Please repeat each line of the data exactly, with nothing left out.

------ Data to examine

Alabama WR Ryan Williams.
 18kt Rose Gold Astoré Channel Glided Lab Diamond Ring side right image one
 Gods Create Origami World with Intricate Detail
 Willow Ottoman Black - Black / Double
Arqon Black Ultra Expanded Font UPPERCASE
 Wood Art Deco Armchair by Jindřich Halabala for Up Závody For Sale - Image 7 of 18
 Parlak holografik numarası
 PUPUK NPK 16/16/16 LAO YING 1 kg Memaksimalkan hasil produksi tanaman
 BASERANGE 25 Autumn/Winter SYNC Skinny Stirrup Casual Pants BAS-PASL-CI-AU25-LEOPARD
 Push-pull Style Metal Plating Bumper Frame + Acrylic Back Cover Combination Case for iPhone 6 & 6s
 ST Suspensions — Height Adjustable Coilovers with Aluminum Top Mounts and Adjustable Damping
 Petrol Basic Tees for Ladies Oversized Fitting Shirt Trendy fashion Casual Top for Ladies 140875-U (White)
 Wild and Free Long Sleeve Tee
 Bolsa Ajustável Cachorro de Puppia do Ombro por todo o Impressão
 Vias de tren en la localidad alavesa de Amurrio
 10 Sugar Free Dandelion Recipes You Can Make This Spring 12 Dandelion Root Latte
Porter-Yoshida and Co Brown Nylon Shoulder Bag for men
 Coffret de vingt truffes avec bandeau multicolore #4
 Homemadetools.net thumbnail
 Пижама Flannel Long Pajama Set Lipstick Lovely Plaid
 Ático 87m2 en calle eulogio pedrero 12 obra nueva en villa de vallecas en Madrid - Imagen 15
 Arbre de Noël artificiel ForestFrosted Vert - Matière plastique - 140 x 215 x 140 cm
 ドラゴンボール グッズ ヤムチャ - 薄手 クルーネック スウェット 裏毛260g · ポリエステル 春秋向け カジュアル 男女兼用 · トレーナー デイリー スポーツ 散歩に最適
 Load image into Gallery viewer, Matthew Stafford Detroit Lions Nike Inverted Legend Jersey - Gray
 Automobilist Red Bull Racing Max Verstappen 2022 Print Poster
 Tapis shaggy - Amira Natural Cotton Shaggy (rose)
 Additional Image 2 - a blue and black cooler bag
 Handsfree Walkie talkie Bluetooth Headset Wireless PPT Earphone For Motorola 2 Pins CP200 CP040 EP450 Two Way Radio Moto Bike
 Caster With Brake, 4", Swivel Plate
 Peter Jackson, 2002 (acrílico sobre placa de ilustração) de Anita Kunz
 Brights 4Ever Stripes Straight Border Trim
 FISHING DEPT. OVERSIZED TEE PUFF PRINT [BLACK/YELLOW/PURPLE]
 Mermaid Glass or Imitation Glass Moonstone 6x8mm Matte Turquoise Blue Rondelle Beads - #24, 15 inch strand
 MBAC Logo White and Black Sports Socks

------------

Response to this task →
Alabama WR Ryan Williams.
 18kt Rose Gold Astoré Channel Glided Lab Diamond Ring side right image one
 Gods Create Origami World with Intricate Detail
 Willow Ottoman Black - Black / Double
Arqon Black Ultra Expanded Font UPPERCASE
 Wood Art Deco Armchair by Jindřich Halabala for Up Závody For Sale - Image 7 of 18
 Parlak holografik numarası
 PUPUK NPK 16/16/16 LAO YING 1 kg Memaksimalkan hasil produksi tanaman
 BASERANGE 25 Autumn/Winter SYNC Skinny Stirrup Casual Pants BAS-PASL-CI-AU25-LEOPARD
 Push-pull Style Metal Plating Bumper Frame + Acrylic Back Cover Combination Case for iPhone 6 & 6s
 ST Suspensions — Height Adjustable Coilovers with Aluminum Top Mounts and Adjustable Damping
 Petrol Basic Tees for Ladies Oversized Fitting Shirt Trendy fashion Casual Top for Ladies 140875-U (White)
 Wild and Free Long Sleeve Tee
 Bolsa Ajustável Cachorro de Puppia do Ombro por todo o Impressão
 Vias de tren en la localidad alavesa de Amurrio
 10 Sugar Free Dandelion Recipes You Can Make This Spring 12 Dandelion Root Latte
Porter-Yoshida and Co Brown Nylon Shoulder Bag for men
 Coffret de vingt truffes avec bandeau multicolore #4
 Homemadetools.net thumbnail
 Пижама Flannel Long Pajama Set Lipstick Lovely Plaid
 Ático 87m2 en calle eulogio pedrero 12 obra nueva en villa de vallecas en Madrid - Imagen 15
 Arbre de Noël artificiel ForestFrosted Vert - Matière plastique - 140 x 215 x 140 cm
 ドラゴンボール グッズ ヤムチャ - 薄手 クルーネック スウェット 裏毛260g · ポリエステル 春秋向け カジュアル 男女兼用 · トレーナー デイリー スポーツ 散歩に最適
 Load image into Gallery viewer, Matthew Stafford Detroit Lions Nike Inverted Legend Jersey - Gray
 Automobilist Red Bull Racing Max Verstappen 2022 Print Poster
 Tapis shaggy - Amira Natural Cotton Shaggy (rose)
 Additional Image 2 - a blue and black cooler bag
 Handsfree Walkie talkie Bluetooth Headset Wireless PPT Earphone For Motorola 2 Pins CP200 CP040 EP450 Two Way Radio Moto Bike
 Caster With Brake, 4", Swivel Plate
 Peter Jackson, 2002 (acrílico sobre placa de ilustração) de Anita Kunz
 Brights 4Ever Stripes Straight Border Trim
 FISHING DEPT. OVERSIZED TEE PUFF PRINT [BLACK/YELLOW/PURPLE]
 Mermaid Glass or Imitation Glass Moonstone 6x8mm Matte Turquoise Blue Rondelle Beads - #24, 15 inch strand
 MBAC Logo White and Black Sports Socks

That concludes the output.